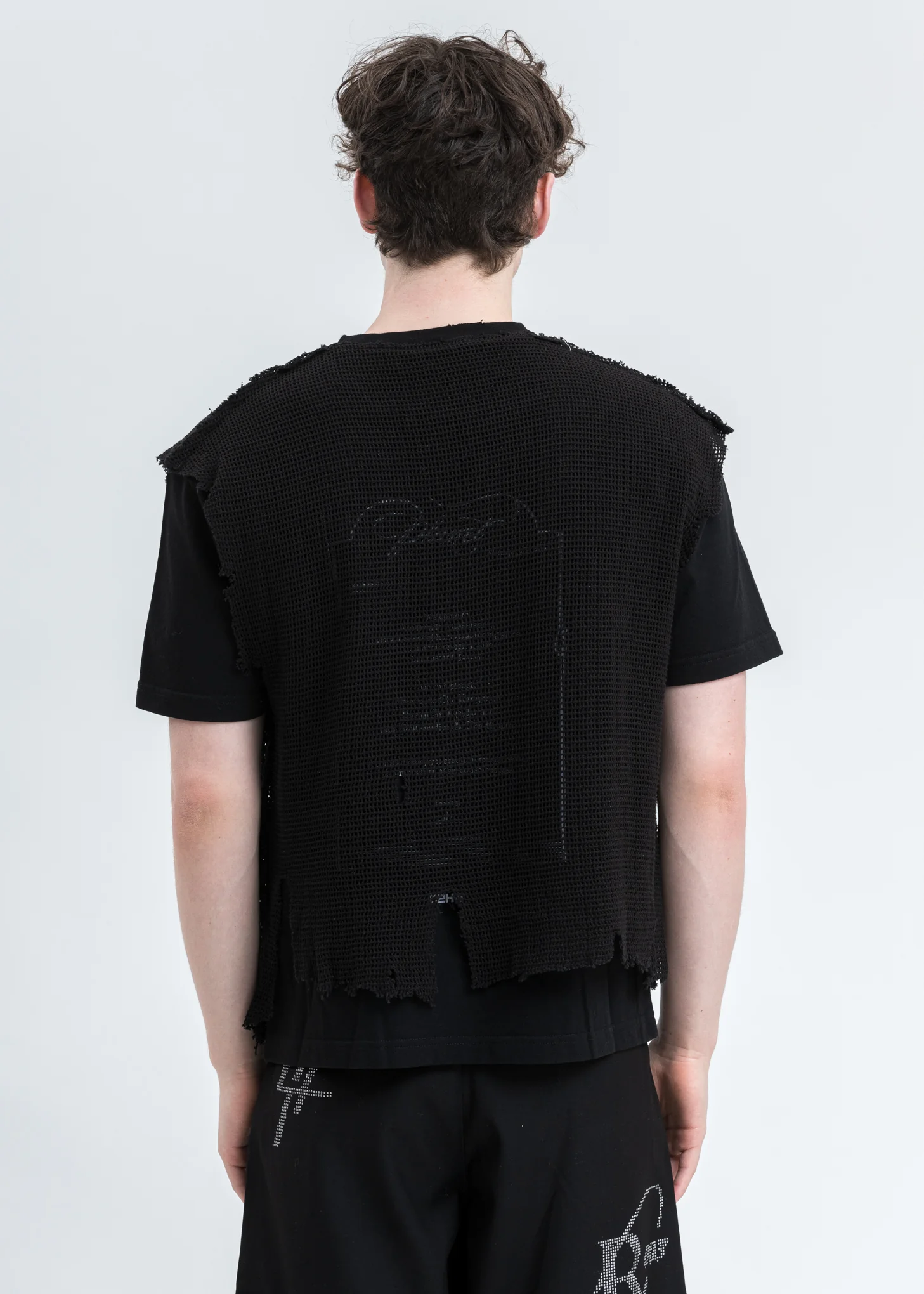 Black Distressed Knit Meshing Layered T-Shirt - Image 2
-=-=-=-=-
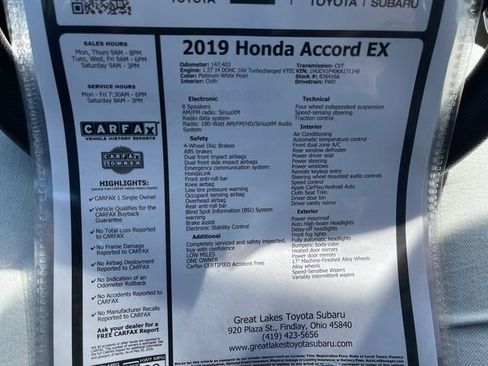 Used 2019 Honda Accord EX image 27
-=-=-=-=-
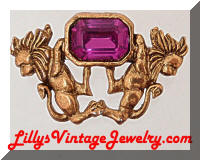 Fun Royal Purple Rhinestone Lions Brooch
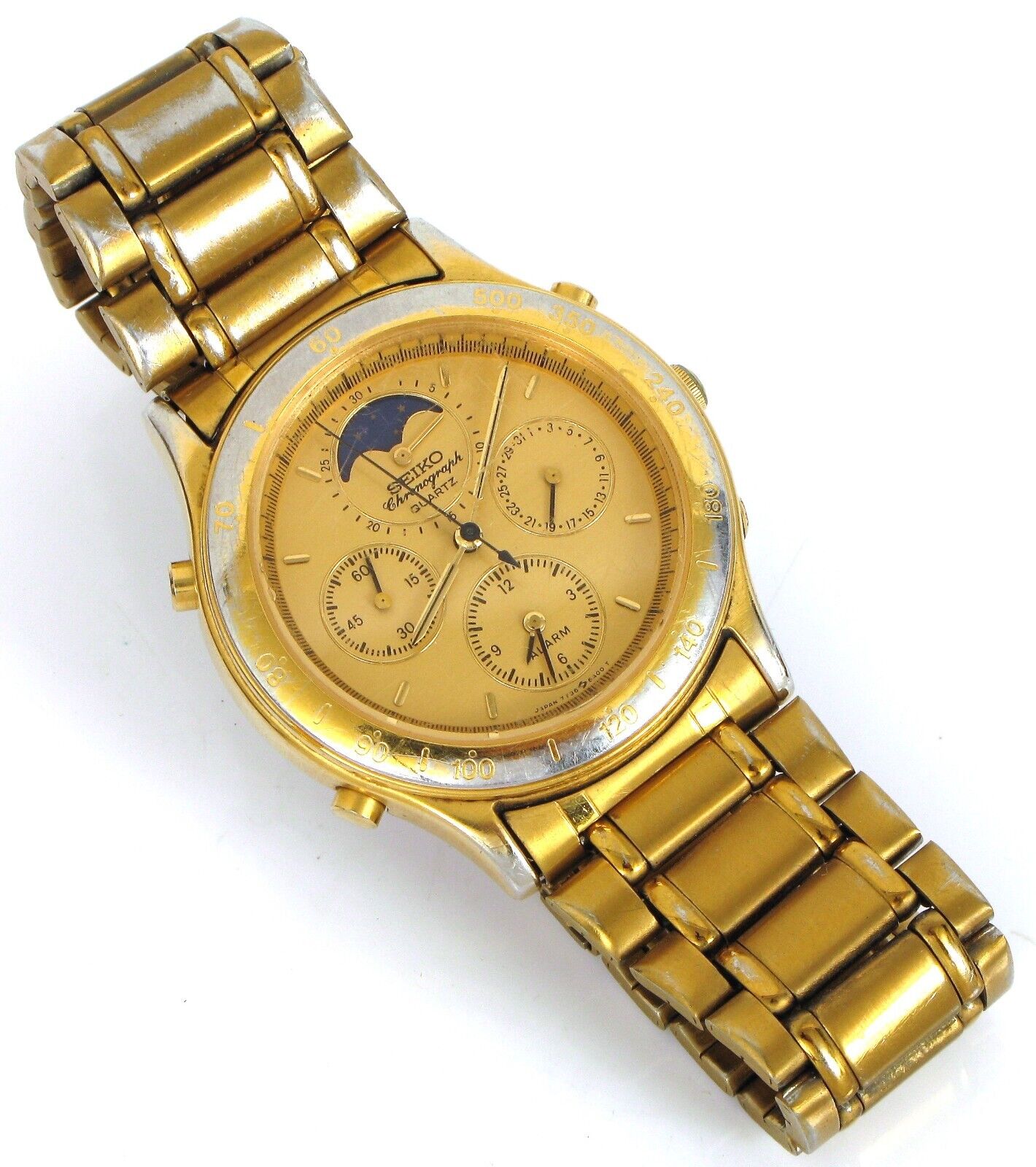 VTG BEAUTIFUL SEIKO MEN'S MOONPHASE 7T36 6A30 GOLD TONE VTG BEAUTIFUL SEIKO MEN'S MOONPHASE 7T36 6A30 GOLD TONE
-=-=-=-=-
▶ [Problem to work on]
Nothing except the lines from the one containing "Fun Royal Purple Rhinestone Lions Brooch" through the one containing "VTG BEAUTIFUL SEIKO MEN'S MOONPHASE 7T36 6A30 GOLD TONE VTG" should appear in the answer, exactly as above and without pictures.

▶ [Result of the task]
 Fun Royal Purple Rhinestone Lions Brooch
 VTG BEAUTIFUL SEIKO MEN'S MOONPHASE 7T36 6A30 GOLD TONE VTG BEAUTIFUL SEIKO MEN'S MOONPHASE 7T36 6A30 GOLD TONE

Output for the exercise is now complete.